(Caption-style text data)

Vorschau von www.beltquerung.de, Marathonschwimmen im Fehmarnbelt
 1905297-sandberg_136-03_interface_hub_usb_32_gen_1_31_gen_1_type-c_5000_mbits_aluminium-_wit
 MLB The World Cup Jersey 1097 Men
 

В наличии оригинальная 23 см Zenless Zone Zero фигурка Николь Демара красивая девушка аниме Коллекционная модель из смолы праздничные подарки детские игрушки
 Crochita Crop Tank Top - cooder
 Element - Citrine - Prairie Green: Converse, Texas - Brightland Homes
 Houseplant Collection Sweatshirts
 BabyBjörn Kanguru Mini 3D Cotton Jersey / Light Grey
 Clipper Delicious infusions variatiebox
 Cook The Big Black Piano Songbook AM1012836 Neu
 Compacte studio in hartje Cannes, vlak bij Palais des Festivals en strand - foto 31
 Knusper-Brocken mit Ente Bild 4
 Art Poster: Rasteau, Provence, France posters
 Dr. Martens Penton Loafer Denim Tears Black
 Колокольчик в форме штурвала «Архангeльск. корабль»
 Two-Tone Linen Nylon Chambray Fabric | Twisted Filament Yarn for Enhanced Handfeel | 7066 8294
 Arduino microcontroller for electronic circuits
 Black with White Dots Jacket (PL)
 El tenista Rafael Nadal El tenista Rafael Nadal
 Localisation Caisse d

*EXERCISE:* Report how many lines in the data include the string "Jersey", giving nothing but that number.

*RESULT OF THE EXERCISE:* 2